Wednesday, November 17, 2010

What I'm reading

I love to read. When I was a child, I read every waking second, and this has carried over into adulthood.

But lately, I'm finding I have difficulty finding time to read. Making meals, cleaning the floors (17 times a day!), breaking up fights, playing games, wiping bottoms and providing taxi service has seriously cut into my reading time.

In fact, I haven't read a book since my husband and I went away for Labor Day Weekend. I have checked out several books, all oh-so-interesting, only to be returned (mostly on time) without ever having been opened.

But yesterday, I started a book, and by golly, I am going to finish it before its due date.

What is this book that has finally captured my interest enough to warrant letting household duties slide a bit?
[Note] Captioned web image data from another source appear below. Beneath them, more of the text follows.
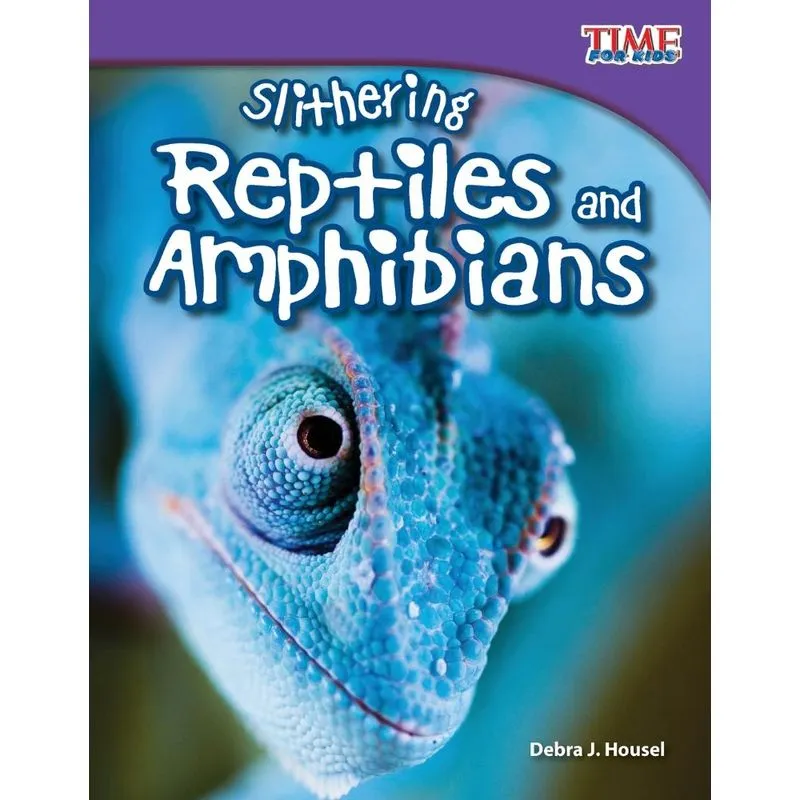 Slithering Reptiles and Amphibians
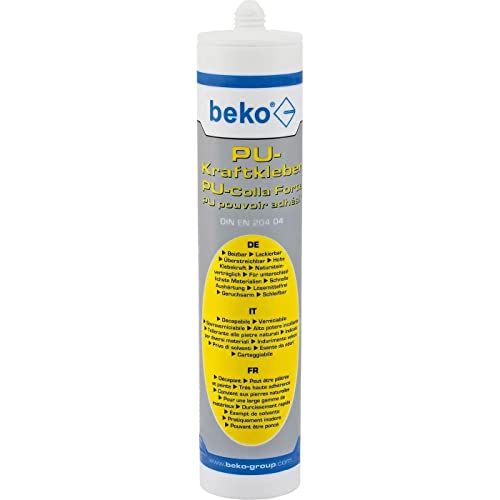 beko PU-Kraftkleber 310 ml beige 260 100 300 von beko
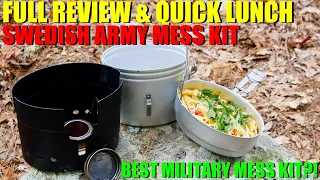 The BEST Military Mess Kit - Swedish Army Trangia Mess Kit!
I'm sorry to report that it is "Brady, Brady, Brady", the real story behind the iconic sitcom as told by the creator and producer.

Don't be disappointed in me! Maybe the next one will be The Pillars of the Earth or some other lofty tome. . .maybe.

Wednesday, November 10, 2010

Things that make you go hhmm. . .

Says my four year today, out of the blue:

"Mommy, Sonic can run faster than Jesus."

Saturday, November 6, 2010

Say what you mean and mean what you say

Living with five children is never quite what it seems. . .


What I say: Please stop playing with that noisy toy.

What I mean: If I hear that toy sing one more song, I am going run screaming from the house.

What my child hears: Blah, blah, blah. . .play with that noisy toy.


What I say: You cannot have a cell phone until you are in high school.

What I mean: No matter how many times you ask me, we will not allow you to have a cell phone until high school, and even then, we don't really want to pay for one.

What my tween hears: If you ask me often enough, I will eventually give in and buy you one before your eleventh birthday.


What I say: Please put your laundry away.

What I mean: Please put your laundry away.

What my child hears: Please put your laundry away whenever you get a free minute, even if that means hours from now.


What I say: Stay in your bed after I tuck you in.

What I mean: For the love of heaven, if you get out of your bed 5 times like last night, you will never see the itouch again.

What my 4 year old hears: If it's an emergency (such as a need to talk about Sonic, or to tell me that his brother is looking at him) it is absolutely fine to get out of bed as many times as necessary.


What I say: No scream!

What I mean: Please stop screaming in the middle of Toys R Us! People are looking at us and my ears hurt!

What my baby girl hears: I love hearing you make that noise! That's why I keep giving you all this attention every time you do it! Please don't stop!